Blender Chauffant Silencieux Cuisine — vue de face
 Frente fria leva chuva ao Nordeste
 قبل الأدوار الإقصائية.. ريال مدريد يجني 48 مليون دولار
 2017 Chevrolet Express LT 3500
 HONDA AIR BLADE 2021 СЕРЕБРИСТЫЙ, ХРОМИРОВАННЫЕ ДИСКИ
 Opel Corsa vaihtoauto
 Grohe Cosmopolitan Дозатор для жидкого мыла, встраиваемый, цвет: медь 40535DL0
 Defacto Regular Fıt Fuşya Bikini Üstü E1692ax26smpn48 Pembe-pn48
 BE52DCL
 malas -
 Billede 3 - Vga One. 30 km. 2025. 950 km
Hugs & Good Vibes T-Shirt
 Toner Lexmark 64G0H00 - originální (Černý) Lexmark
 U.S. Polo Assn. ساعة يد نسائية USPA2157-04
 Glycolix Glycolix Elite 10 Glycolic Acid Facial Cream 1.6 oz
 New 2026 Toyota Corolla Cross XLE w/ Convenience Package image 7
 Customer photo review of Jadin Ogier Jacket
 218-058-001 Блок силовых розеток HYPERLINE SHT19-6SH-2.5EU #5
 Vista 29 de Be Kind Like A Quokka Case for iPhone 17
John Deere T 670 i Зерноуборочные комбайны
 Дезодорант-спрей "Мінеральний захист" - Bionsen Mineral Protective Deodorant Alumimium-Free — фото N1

-=-=-

# PROBLEM DESCRIPTION
Set all of the entries down again, exactly as they were given.

# YOUR SOLUTION
Blender Chauffant Silencieux Cuisine — vue de face
 Frente fria leva chuva ao Nordeste
 قبل الأدوار الإقصائية.. ريال مدريد يجني 48 مليون دولار
 2017 Chevrolet Express LT 3500
 HONDA AIR BLADE 2021 СЕРЕБРИСТЫЙ, ХРОМИРОВАННЫЕ ДИСКИ
 Opel Corsa vaihtoauto
 Grohe Cosmopolitan Дозатор для жидкого мыла, встраиваемый, цвет: медь 40535DL0
 Defacto Regular Fıt Fuşya Bikini Üstü E1692ax26smpn48 Pembe-pn48
 BE52DCL
 malas -
 Billede 3 - Vga One. 30 km. 2025. 950 km
Hugs & Good Vibes T-Shirt
 Toner Lexmark 64G0H00 - originální (Černý) Lexmark
 U.S. Polo Assn. ساعة يد نسائية USPA2157-04
 Glycolix Glycolix Elite 10 Glycolic Acid Facial Cream 1.6 oz
 New 2026 Toyota Corolla Cross XLE w/ Convenience Package image 7
 Customer photo review of Jadin Ogier Jacket
 218-058-001 Блок силовых розеток HYPERLINE SHT19-6SH-2.5EU #5
 Vista 29 de Be Kind Like A Quokka Case for iPhone 17
John Deere T 670 i Зерноуборочные комбайны
 Дезодорант-спрей "Мінеральний захист" - Bionsen Mineral Protective Deodorant Alumimium-Free — фото N1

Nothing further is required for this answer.